===== Data supplied =====
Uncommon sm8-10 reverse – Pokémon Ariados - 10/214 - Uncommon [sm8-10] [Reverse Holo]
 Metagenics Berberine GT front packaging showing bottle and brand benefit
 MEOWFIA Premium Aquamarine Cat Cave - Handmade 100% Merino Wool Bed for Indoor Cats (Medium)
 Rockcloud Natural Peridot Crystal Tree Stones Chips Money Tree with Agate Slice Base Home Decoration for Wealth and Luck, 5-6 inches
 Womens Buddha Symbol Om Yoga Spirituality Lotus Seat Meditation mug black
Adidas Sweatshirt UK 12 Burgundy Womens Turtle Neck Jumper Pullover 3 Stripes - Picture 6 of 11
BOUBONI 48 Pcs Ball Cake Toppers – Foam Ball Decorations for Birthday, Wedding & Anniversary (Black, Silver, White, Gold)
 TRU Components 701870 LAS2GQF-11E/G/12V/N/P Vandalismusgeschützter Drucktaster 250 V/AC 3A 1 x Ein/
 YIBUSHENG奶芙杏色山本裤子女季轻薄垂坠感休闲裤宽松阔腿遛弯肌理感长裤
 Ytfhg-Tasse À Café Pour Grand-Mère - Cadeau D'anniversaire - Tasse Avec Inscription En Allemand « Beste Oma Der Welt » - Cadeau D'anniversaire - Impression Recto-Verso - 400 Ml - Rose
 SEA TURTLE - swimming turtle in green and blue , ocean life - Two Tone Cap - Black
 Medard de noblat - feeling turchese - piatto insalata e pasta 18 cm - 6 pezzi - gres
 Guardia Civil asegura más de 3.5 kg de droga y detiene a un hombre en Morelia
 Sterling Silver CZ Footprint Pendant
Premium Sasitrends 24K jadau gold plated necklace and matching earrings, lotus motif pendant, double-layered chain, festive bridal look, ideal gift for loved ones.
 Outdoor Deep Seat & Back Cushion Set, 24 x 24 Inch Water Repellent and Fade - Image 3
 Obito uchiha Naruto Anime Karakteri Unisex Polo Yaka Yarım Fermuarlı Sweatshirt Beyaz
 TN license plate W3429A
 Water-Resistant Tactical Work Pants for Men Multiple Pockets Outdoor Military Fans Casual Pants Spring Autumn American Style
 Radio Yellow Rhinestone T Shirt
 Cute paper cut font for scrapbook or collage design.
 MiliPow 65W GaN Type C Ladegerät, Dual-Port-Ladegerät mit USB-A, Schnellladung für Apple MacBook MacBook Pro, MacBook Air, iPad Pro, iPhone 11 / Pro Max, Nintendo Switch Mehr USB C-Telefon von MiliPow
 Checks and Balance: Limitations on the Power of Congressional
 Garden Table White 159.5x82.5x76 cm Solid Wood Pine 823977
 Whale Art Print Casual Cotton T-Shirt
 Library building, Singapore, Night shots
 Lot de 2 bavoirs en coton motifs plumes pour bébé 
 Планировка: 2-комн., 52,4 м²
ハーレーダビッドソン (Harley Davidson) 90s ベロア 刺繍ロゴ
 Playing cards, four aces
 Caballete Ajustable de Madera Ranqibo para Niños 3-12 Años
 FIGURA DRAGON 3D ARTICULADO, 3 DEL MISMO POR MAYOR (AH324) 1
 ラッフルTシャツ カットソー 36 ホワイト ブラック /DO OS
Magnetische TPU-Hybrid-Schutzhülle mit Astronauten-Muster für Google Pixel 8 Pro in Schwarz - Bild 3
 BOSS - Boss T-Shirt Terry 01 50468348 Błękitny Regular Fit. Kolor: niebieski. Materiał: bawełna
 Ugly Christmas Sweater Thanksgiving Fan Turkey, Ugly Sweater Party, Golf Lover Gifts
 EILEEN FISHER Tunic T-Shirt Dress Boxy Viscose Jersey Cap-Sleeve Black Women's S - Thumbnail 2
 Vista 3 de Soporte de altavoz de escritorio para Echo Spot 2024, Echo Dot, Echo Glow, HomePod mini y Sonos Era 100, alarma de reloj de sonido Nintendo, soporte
=====
# Prompt
Write out the whole listing above once more, exactly.

# Solution to this problem
Uncommon sm8-10 reverse – Pokémon Ariados - 10/214 - Uncommon [sm8-10] [Reverse Holo]
 Metagenics Berberine GT front packaging showing bottle and brand benefit
 MEOWFIA Premium Aquamarine Cat Cave - Handmade 100% Merino Wool Bed for Indoor Cats (Medium)
 Rockcloud Natural Peridot Crystal Tree Stones Chips Money Tree with Agate Slice Base Home Decoration for Wealth and Luck, 5-6 inches
 Womens Buddha Symbol Om Yoga Spirituality Lotus Seat Meditation mug black
Adidas Sweatshirt UK 12 Burgundy Womens Turtle Neck Jumper Pullover 3 Stripes - Picture 6 of 11
BOUBONI 48 Pcs Ball Cake Toppers – Foam Ball Decorations for Birthday, Wedding & Anniversary (Black, Silver, White, Gold)
 TRU Components 701870 LAS2GQF-11E/G/12V/N/P Vandalismusgeschützter Drucktaster 250 V/AC 3A 1 x Ein/
 YIBUSHENG奶芙杏色山本裤子女季轻薄垂坠感休闲裤宽松阔腿遛弯肌理感长裤
 Ytfhg-Tasse À Café Pour Grand-Mère - Cadeau D'anniversaire - Tasse Avec Inscription En Allemand « Beste Oma Der Welt » - Cadeau D'anniversaire - Impression Recto-Verso - 400 Ml - Rose
 SEA TURTLE - swimming turtle in green and blue , ocean life - Two Tone Cap - Black
 Medard de noblat - feeling turchese - piatto insalata e pasta 18 cm - 6 pezzi - gres
 Guardia Civil asegura más de 3.5 kg de droga y detiene a un hombre en Morelia
 Sterling Silver CZ Footprint Pendant
Premium Sasitrends 24K jadau gold plated necklace and matching earrings, lotus motif pendant, double-layered chain, festive bridal look, ideal gift for loved ones.
 Outdoor Deep Seat & Back Cushion Set, 24 x 24 Inch Water Repellent and Fade - Image 3
 Obito uchiha Naruto Anime Karakteri Unisex Polo Yaka Yarım Fermuarlı Sweatshirt Beyaz
 TN license plate W3429A
 Water-Resistant Tactical Work Pants for Men Multiple Pockets Outdoor Military Fans Casual Pants Spring Autumn American Style
 Radio Yellow Rhinestone T Shirt
 Cute paper cut font for scrapbook or collage design.
 MiliPow 65W GaN Type C Ladegerät, Dual-Port-Ladegerät mit USB-A, Schnellladung für Apple MacBook MacBook Pro, MacBook Air, iPad Pro, iPhone 11 / Pro Max, Nintendo Switch Mehr USB C-Telefon von MiliPow
 Checks and Balance: Limitations on the Power of Congressional
 Garden Table White 159.5x82.5x76 cm Solid Wood Pine 823977
 Whale Art Print Casual Cotton T-Shirt
 Library building, Singapore, Night shots
 Lot de 2 bavoirs en coton motifs plumes pour bébé 
 Планировка: 2-комн., 52,4 м²
ハーレーダビッドソン (Harley Davidson) 90s ベロア 刺繍ロゴ
 Playing cards, four aces
 Caballete Ajustable de Madera Ranqibo para Niños 3-12 Años
 FIGURA DRAGON 3D ARTICULADO, 3 DEL MISMO POR MAYOR (AH324) 1
 ラッフルTシャツ カットソー 36 ホワイト ブラック /DO OS
Magnetische TPU-Hybrid-Schutzhülle mit Astronauten-Muster für Google Pixel 8 Pro in Schwarz - Bild 3
 BOSS - Boss T-Shirt Terry 01 50468348 Błękitny Regular Fit. Kolor: niebieski. Materiał: bawełna
 Ugly Christmas Sweater Thanksgiving Fan Turkey, Ugly Sweater Party, Golf Lover Gifts
 EILEEN FISHER Tunic T-Shirt Dress Boxy Viscose Jersey Cap-Sleeve Black Women's S - Thumbnail 2
 Vista 3 de Soporte de altavoz de escritorio para Echo Spot 2024, Echo Dot, Echo Glow, HomePod mini y Sonos Era 100, alarma de reloj de sonido Nintendo, soporte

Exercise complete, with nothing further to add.